[Supplied records Boundary: Start]

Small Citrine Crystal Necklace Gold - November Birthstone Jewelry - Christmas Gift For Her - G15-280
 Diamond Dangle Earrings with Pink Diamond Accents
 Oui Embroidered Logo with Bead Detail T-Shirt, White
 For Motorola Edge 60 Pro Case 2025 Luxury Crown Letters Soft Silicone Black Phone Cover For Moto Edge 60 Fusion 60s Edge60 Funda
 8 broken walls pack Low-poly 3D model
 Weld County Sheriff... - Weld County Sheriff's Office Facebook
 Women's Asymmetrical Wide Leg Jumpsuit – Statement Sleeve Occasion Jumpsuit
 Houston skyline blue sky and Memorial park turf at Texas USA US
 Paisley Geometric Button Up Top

[Supplied records Boundary: End]

§ What you will do
All lines in the data that contain the word "with" should be copied.

§ The completed task
 Diamond Dangle Earrings with Pink Diamond Accents
 Oui Embroidered Logo with Bead Detail T-Shirt, White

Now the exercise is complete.